Doorgaan naar inhoud

Doorgaan naar inhoudsopgave

HOOFDSTUK 18

Jezus wordt meer, Johannes wordt minder

Jezus wordt meer, Johannes wordt minder

MATTHEÜS 4:12 MARKUS 6:17-20 LUKAS 3:19, 20 JOHANNES 3:22–4:3

  • JEZUS’ DISCIPELEN DOPEN

  • JOHANNES DE DOPER WORDT GEVANGENGEZET

Na de viering van het Pascha in de lente van het jaar 30 verlaten Jezus en zijn discipelen Jeruzalem. Maar ze gaan niet meteen terug naar huis in Galilea. Ze trekken het platteland van Judea in, waar ze veel mensen dopen. Johannes de Doper doet al ongeveer een jaar een soortgelijk werk, misschien in het Jordaandal. Sommigen van zijn discipelen zijn nog steeds bij hem.

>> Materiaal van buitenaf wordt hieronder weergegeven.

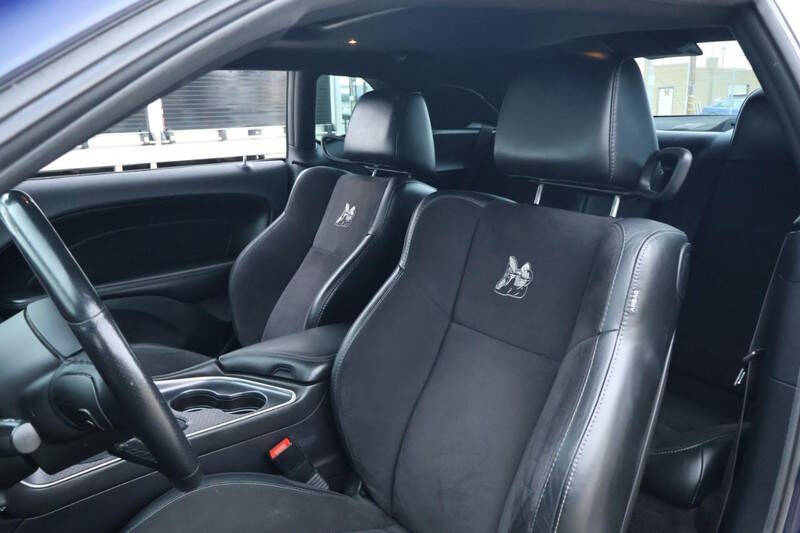 2016 Dodge Challenger 392 HEMI Scat Pack Shaker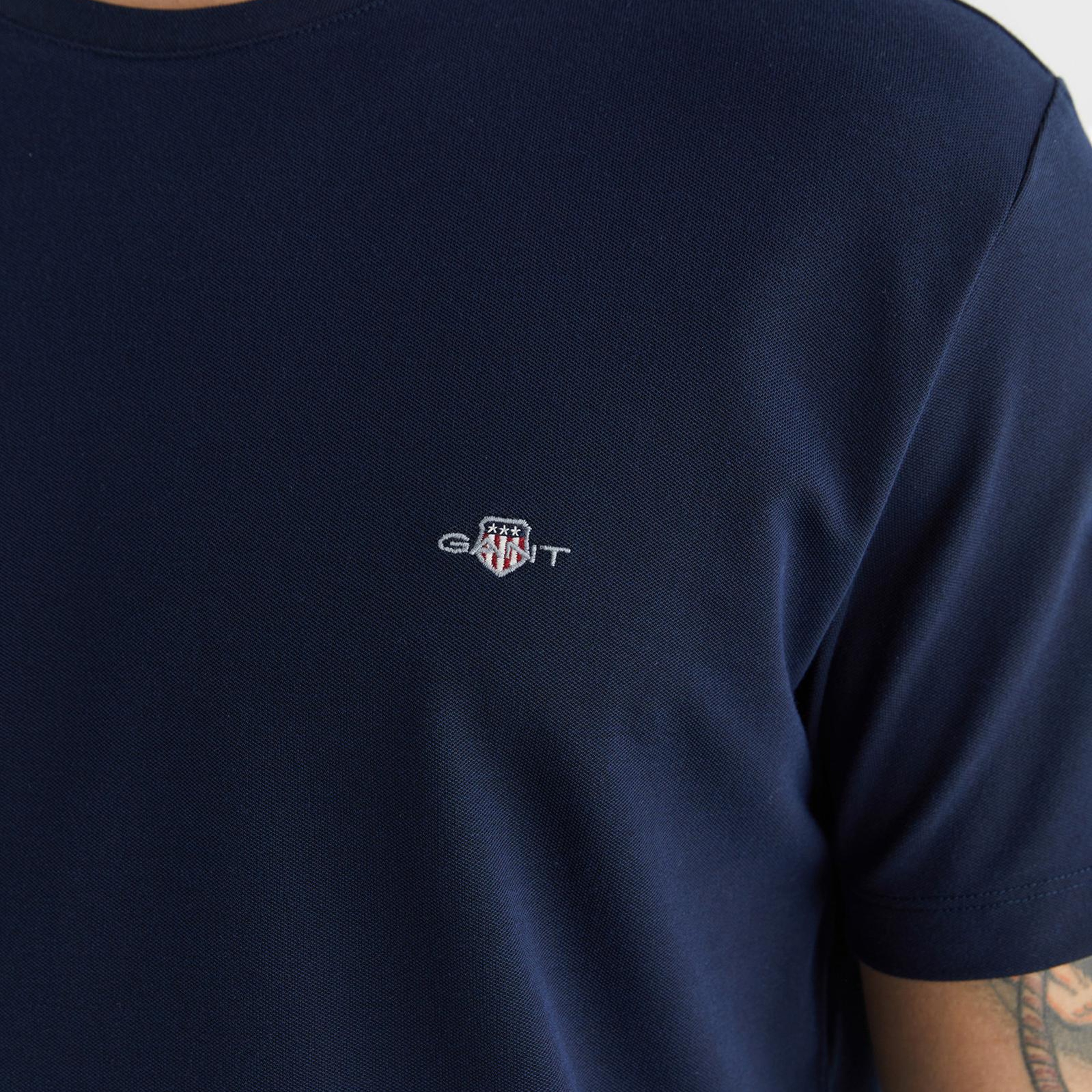 GANT Erkek Lacivert Bisiklet Yaka Regular Fit Logolu T-Shirt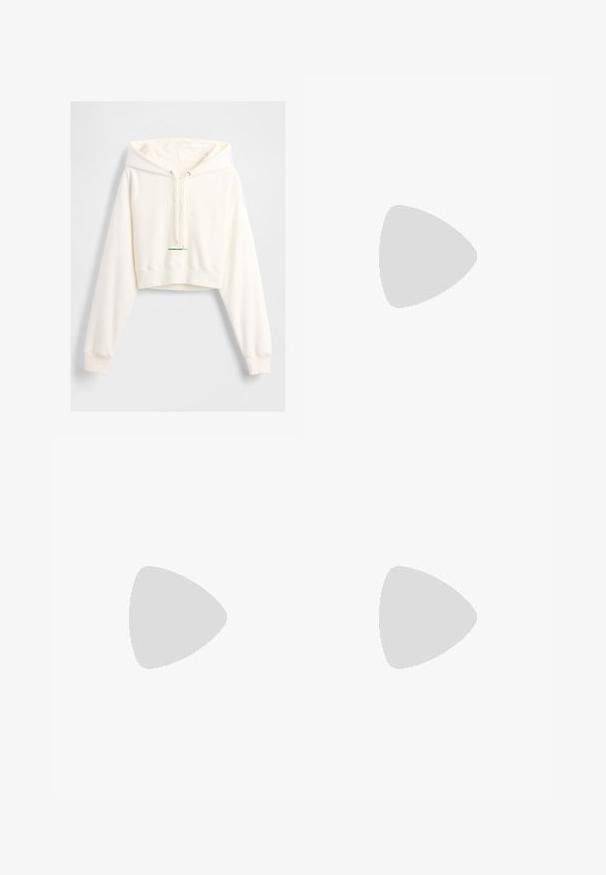 Witte cropped hoodie met capuchon met trekkoord, geperst "GAP"-logo, geribbelde manchetten en een groene accentenlabel aan de zoom. Zachte, gladde textuur.; Lichtblauwe, hooggeritste jeans van denim. Beschikken over wijde pijpen, twee gescheurde knievalken en klassieke vijfzakken styling.; Witte high-top canvas sneakers met een zwarte rubberen zool, een rubberen neuskap aan de voorkant en zes gaatjes voor veters, met een schone, minimalistische uitstraling.; Rode leren handtas met een hoekig, geometrisch ontwerp. Beschikt over een enkele verstelbare schouderriem en een klepclosure met gestikte details.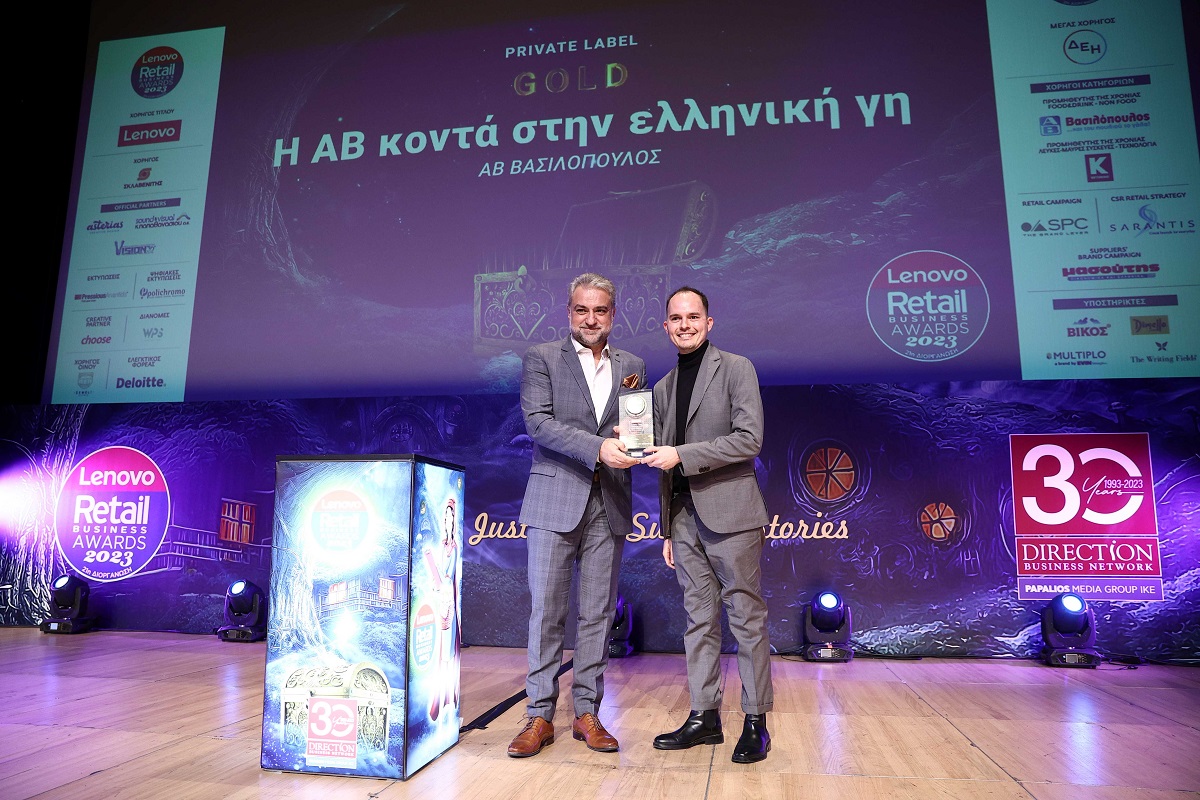 Στελέχη της εταιρείας ΑΒ Βασιλόπουλος παραλαμβάνουν τα βραβεία@ΔΤ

Jezus doopt niet zelf. Zijn discipelen doen dit, onder zijn leiding. Op dit punt in Jezus’ bediening onderwijst zowel Jezus als Johannes de Joden dat ze berouw moeten hebben van hun zonden tegen Gods wetsverbond (Handelingen 19:4).

Maar de discipelen van Johannes zijn jaloers en klagen bij hem over Jezus: ‘De man die bij je was (...) is aan het dopen en iedereen gaat naar hem toe!’ (Johannes 3:26) Toch is Johannes niet jaloers. Hij is blij met het succes van Jezus en wil dat zijn discipelen dat ook zijn. Hij zegt: ‘Jullie getuigen zelf over mij dat ik heb gezegd: “Ik ben niet de Christus, maar ik ben voor hem uit gestuurd.”’ Hij legt dit uit met een voorbeeld dat iedereen kan begrijpen: ‘Wie de bruid heeft, is de bruidegom. Maar de vriend van de bruidegom, die erbij staat en hem hoort, is heel blij vanwege de stem van de bruidegom. Nu is ook mijn vreugde compleet’ (Johannes 3:28, 29).

Toen Johannes maanden daarvoor zijn discipelen aan Jezus voorstelde, was hij blij, net zoals de vriend van de bruidegom. Sommigen gingen Jezus volgen en zouden uiteindelijk met heilige geest worden gezalfd. Johannes wil dat ook zijn huidige discipelen Jezus gaan volgen. In feite is het zelfs zijn doel om de weg vrij te maken voor de bediening van Christus. Johannes legt uit: ‘Hij moet steeds meer worden en ik steeds minder’ (Johannes 3:30).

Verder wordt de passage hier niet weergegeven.